As crianças que tiram proveito da estimulabilidade erógena da zona anal denunciam-se por reterem as fezes até que sua acumulação provoca violentas contrações musculares e, na passagem pelo ânus, pode exercer uma estimulação intensa na mucosa. Com isso, hão de produzir-se sensações de volúpia ao lado das sensações dolorosas. Um dos melhores presságios de excentricidade e nervosismo posteriores é a recusa obstinada do bebê a esvaziar o intestino ao ser posto no troninho, ou seja, quando isso é desejado pela pessoa que cuida dele, ficando essa função reservada para quando aprouver a ele próprio. Naturalmente, não é que lhe interesse sujar a cama; ele está apenas providenciando para que não lhe escape o dividendo de prazer que vem junto com a defecação. Mais uma vez, os educadores têm razão ao chamarem de perversas [schlimm] as crianças que "retardam" essas funções.

 

 

O conteúdo intestinal, que, enquanto corpo estimulador, comporta-se frente a uma área de mucosa sexualmente sensível como precursor de outro órgão destinado a entrar em ação depois da fase da infância, tem ainda para o lactante outros importantes sentidos. É obviamente tratado como parte de seu próprio corpo, representando o primeiro "presente": ao desfazer-se dele, a criaturinha pode exprimir sua docilidade perante o meio que a cerca, e ao recusá-lo, sua obstinação.

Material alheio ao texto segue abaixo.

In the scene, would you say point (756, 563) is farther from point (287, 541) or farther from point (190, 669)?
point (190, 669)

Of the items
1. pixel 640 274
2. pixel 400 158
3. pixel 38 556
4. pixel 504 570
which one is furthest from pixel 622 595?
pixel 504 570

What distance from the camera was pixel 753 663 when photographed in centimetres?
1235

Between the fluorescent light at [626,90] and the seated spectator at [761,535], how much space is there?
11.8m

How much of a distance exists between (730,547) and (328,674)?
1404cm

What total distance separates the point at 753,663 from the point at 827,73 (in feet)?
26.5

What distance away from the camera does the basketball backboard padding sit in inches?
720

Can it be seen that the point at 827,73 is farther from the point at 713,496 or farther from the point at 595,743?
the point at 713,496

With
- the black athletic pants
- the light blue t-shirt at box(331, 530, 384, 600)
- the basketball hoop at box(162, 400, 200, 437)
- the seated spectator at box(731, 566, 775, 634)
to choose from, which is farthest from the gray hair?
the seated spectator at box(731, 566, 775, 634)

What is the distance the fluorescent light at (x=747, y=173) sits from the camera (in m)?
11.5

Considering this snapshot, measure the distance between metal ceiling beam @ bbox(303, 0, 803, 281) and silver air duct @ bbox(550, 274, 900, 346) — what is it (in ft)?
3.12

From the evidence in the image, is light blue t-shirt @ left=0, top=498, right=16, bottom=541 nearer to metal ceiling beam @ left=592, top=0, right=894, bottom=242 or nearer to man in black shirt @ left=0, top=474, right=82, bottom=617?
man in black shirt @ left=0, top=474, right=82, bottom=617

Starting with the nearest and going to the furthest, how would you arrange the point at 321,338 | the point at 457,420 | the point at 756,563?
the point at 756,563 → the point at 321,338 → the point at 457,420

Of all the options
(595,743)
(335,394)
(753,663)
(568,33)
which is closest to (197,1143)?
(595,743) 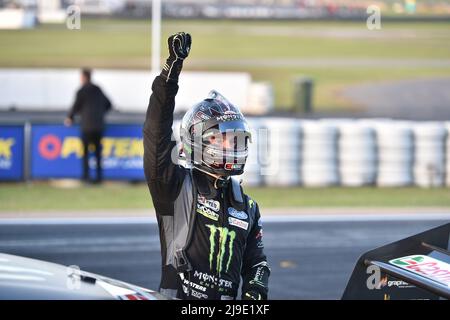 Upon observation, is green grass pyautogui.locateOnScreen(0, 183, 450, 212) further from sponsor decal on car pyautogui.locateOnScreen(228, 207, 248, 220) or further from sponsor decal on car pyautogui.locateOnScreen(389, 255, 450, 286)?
sponsor decal on car pyautogui.locateOnScreen(389, 255, 450, 286)

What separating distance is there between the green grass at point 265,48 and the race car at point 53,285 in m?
28.5

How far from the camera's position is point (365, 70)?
44.2 m

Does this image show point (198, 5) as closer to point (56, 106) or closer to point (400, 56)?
point (400, 56)

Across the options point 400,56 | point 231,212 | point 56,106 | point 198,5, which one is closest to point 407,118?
point 56,106

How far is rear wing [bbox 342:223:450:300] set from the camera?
4.41 meters

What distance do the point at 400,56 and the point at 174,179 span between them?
46.7 m

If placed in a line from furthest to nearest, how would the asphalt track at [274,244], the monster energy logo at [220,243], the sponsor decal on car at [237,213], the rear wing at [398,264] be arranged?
the asphalt track at [274,244], the sponsor decal on car at [237,213], the monster energy logo at [220,243], the rear wing at [398,264]

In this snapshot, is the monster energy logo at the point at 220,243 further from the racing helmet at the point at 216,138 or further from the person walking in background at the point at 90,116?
the person walking in background at the point at 90,116

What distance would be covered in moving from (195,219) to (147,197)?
10717mm

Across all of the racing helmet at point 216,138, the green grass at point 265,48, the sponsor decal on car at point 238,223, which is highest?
the racing helmet at point 216,138

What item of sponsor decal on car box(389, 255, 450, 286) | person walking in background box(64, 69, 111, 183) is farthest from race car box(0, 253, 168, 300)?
person walking in background box(64, 69, 111, 183)

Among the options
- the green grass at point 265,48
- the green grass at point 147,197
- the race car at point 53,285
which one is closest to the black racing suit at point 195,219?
the race car at point 53,285

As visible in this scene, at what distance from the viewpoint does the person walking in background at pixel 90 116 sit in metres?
15.7

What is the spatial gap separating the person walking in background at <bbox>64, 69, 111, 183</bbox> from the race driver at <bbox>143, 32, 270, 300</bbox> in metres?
11.0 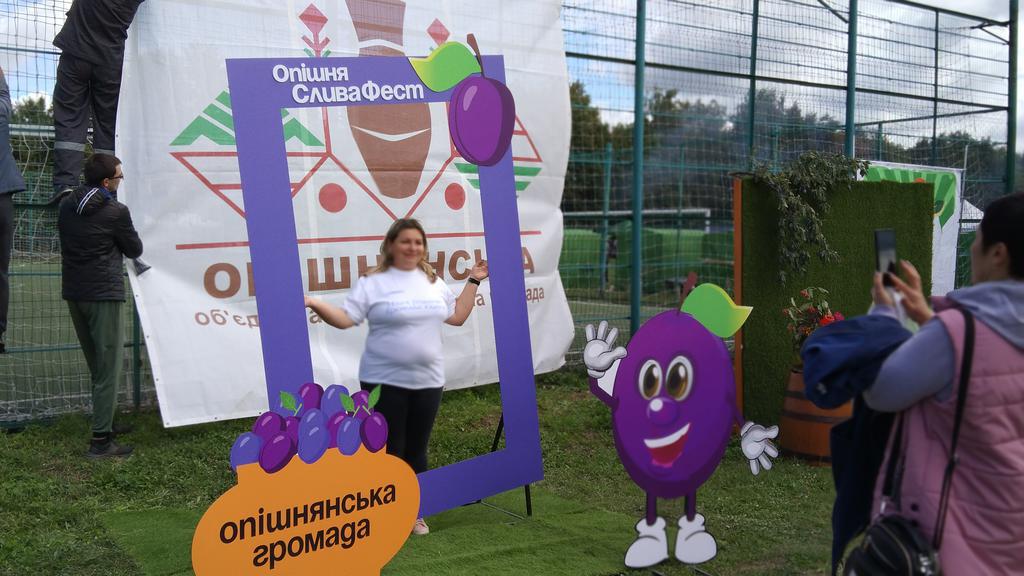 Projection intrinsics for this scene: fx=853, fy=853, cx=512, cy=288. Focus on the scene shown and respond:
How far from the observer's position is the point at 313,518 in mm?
3125

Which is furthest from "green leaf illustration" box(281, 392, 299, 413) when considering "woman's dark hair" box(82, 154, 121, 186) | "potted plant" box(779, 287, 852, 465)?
"potted plant" box(779, 287, 852, 465)

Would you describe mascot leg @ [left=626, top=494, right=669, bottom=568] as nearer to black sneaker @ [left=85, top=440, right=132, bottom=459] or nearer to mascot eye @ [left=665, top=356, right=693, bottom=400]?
mascot eye @ [left=665, top=356, right=693, bottom=400]

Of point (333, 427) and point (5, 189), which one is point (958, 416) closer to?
point (333, 427)

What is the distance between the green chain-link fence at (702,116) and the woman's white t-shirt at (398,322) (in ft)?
8.48

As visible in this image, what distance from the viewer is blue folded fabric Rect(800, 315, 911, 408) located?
6.55 ft

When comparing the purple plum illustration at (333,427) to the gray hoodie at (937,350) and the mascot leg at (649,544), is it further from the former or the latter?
the gray hoodie at (937,350)

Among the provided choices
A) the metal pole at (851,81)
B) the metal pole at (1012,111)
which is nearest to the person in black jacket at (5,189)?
the metal pole at (851,81)

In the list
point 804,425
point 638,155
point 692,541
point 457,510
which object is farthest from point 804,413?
point 638,155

Do sentido de "presente", esse conteúdo passa mais tarde ao de "bebê", que, segundo uma das teorias sexuais infantis (ver em [1]), é adquirido pela comida e nasce pelo intestino.

 

 

A retenção da massa fecal, a princípio intencionalmente praticada para tirar proveito da estimulação como que masturbatória da zona anal, ou para ser empregada na relação com as pessoas que cuidam da criança, é, aliás, uma das raízes da constipação tão freqüente nos neuropatas. Além disso, o sentido pleno da zona anal espelha-se no fato de se encontrarem muito poucos neuróticos que não tenham seus rituais escatológicos especiais, suas cerimônias e coisas similares, por eles cuidadosamente mantidos em segredo.

 

 

A estimulação masturbatória efetiva da zona anal com a ajuda do dedo, provocada por uma comichão centralmente determinada ou perifericamente mantida, não é nada rara nas crianças mais velhas.